* Task instructions *
All lines in the records below from the line with "foothillers's tweet photo." through the line with "#amaririley https://t.co/LQFYrGe5KB" are to be given again exactly, both ends included; the pictures are to be left out.

* Available data *
---*---
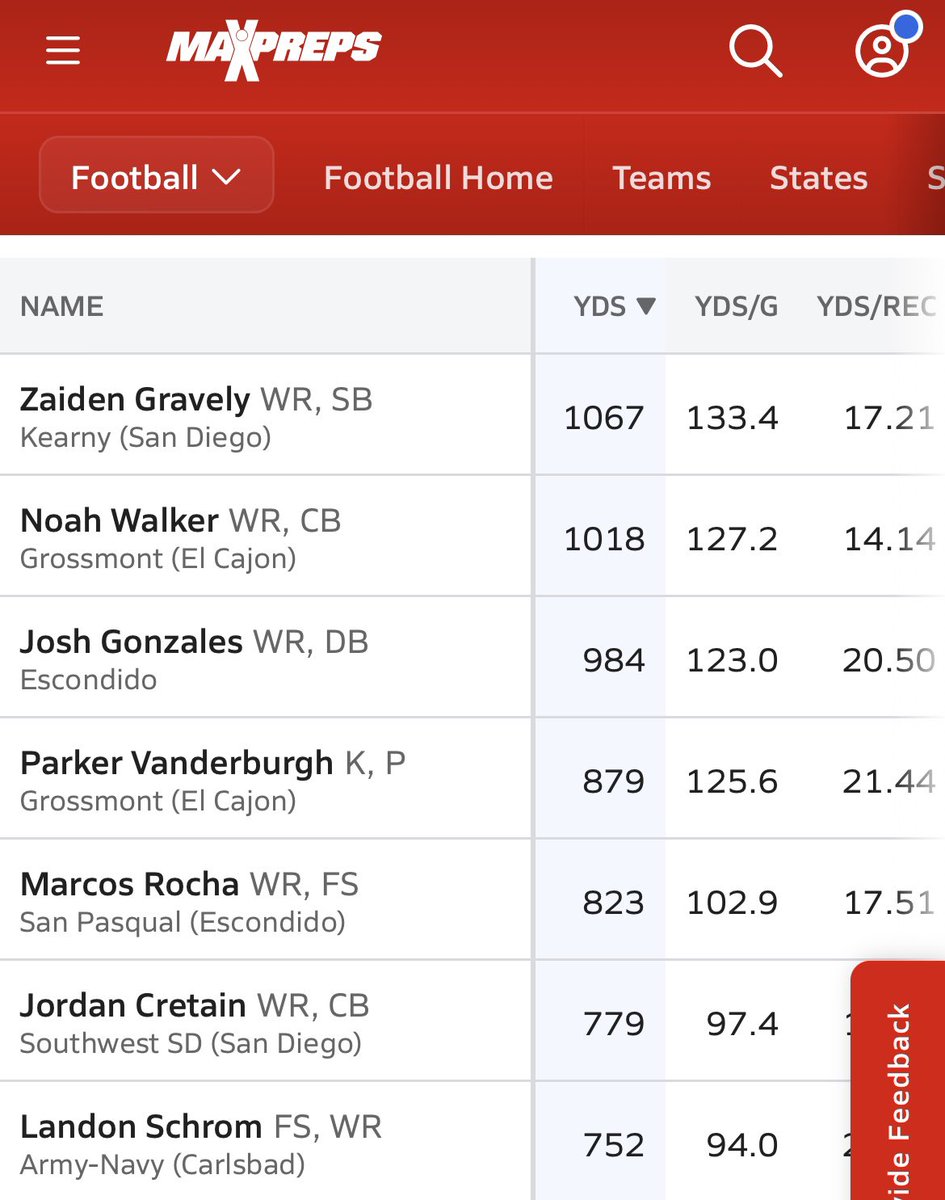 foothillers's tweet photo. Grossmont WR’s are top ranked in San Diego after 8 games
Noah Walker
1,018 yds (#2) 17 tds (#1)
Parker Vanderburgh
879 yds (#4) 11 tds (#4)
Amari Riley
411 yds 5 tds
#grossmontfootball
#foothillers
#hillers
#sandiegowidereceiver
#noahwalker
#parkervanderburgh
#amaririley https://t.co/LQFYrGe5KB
---*---
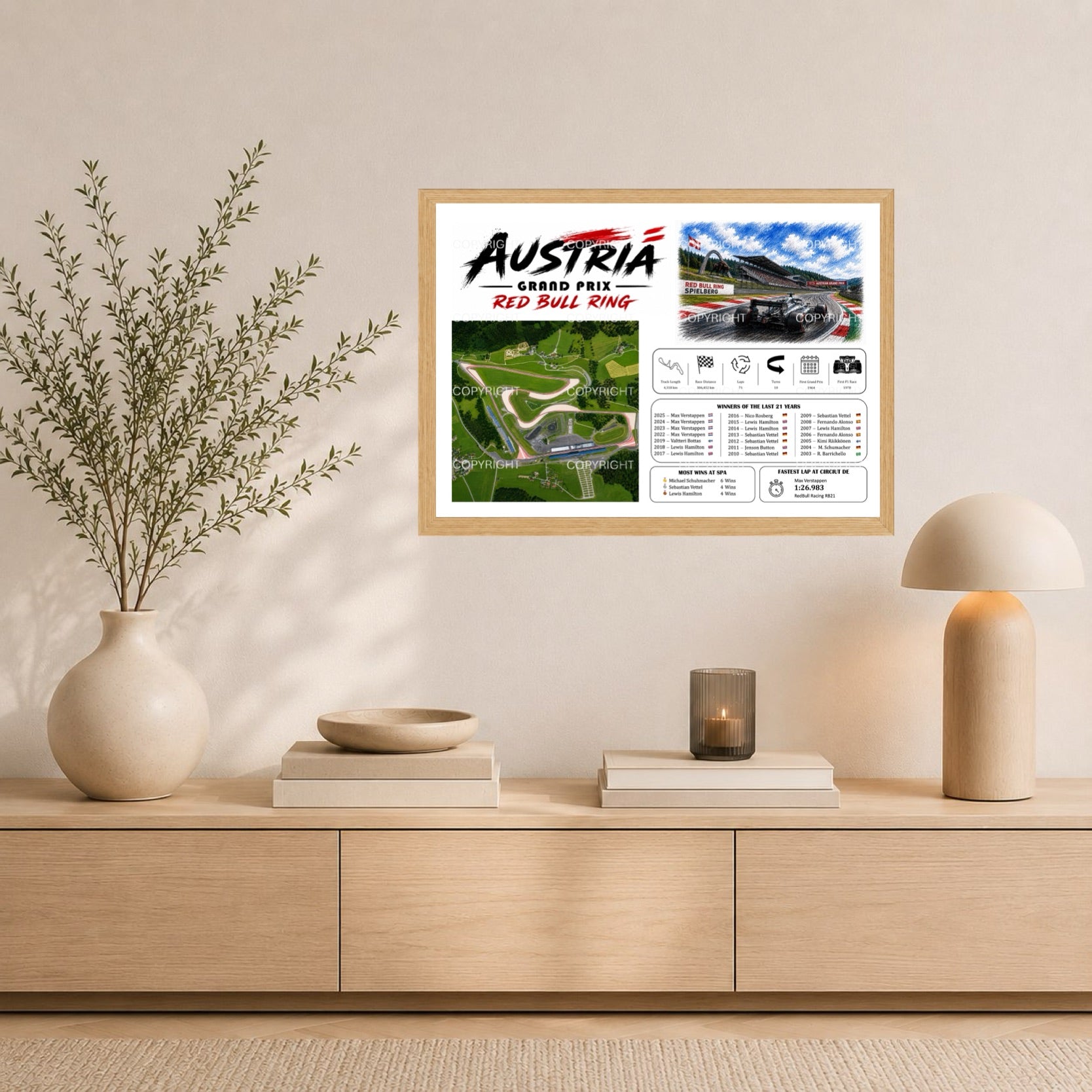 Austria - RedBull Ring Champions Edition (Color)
---*---
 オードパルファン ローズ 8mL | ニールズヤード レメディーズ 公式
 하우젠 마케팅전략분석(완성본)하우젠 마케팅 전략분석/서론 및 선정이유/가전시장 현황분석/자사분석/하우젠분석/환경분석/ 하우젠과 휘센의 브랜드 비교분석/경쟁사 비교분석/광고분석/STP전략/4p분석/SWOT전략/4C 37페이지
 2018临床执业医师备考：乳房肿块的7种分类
---*---
* Solved problem *
 foothillers's tweet photo. Grossmont WR’s are top ranked in San Diego after 8 games
Noah Walker
1,018 yds (#2) 17 tds (#1)
Parker Vanderburgh
879 yds (#4) 11 tds (#4)
Amari Riley
411 yds 5 tds
#grossmontfootball
#foothillers
#hillers
#sandiegowidereceiver
#noahwalker
#parkervanderburgh
#amaririley https://t.co/LQFYrGe5KB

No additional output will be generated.